Here's a quick summary:
Every BH edge case (440 of them) is one of 27 mutually non-isomorphic cases listed (and named) in the link. The ones with white backgrounds are rotation-isomorphisms, the ones with gray backgrounds are mirror-isomorphisms (listed directly below their mirror images). If a case is both a rotation-isomorphism and a mirror-isomorphism, then it's only listed as a rotation-isomorphism (for obvious reasons). And then there are inverses, but some inverses can be avoided because they also happen to be rotation-isomorphisms - these are not indicated anywhere, but are fairly obvious. Obviously, the buffer is UF.

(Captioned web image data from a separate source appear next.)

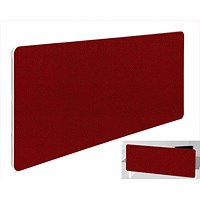 Impulse Plus Backdrop Screen, 1500x400mm, Burgundy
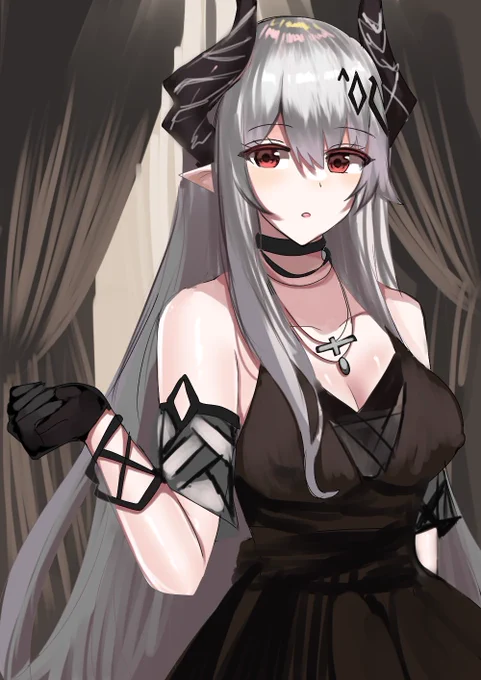 Mudrock マドロック #アークナイツ #Arknights 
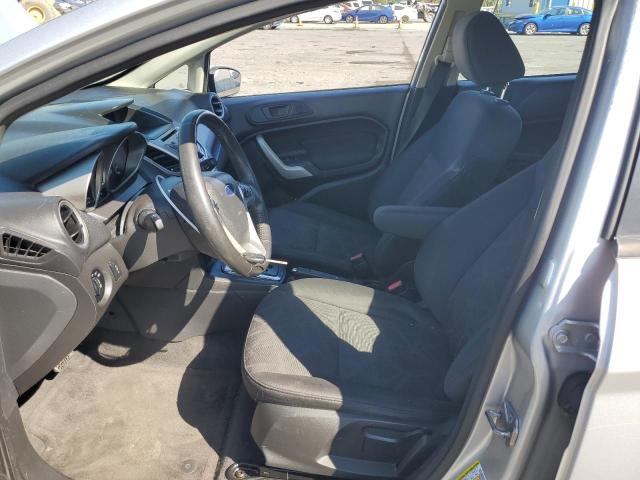  FORD FIESTA 2013 Silver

*Update:* Corners are organized in pretty much the same way.

----------

I also have all the data for x-centers and t-centers, but I haven't started doing any coding work on them yet.


----------



## FatBoyXPC (May 15, 2011)

Did you do this because Mike contacted you about it? Gogogo w/the corners!


----------



## Mike Hughey (May 15, 2011)

Thanks for working on this, Chester. But I can't seem to get the document to download. The link above takes me to a page that says it has an all_edges.zip file for download, but the link there doesn't work.


----------



## rock1313 (May 15, 2011)

Mike Hughey said:


> Thanks for working on this, Chester. But I can't seem to get the document to download. The link above takes me to a page that says it has an all_edges.zip file for download, but the link there doesn't work.


 
Same here


----------



## FatBoyXPC (May 15, 2011)

For those of you who the google doc link won't work: Here you go


----------



## RyanReese09 (May 15, 2011)

Ah this looks amazing! I can't wait to see the final product .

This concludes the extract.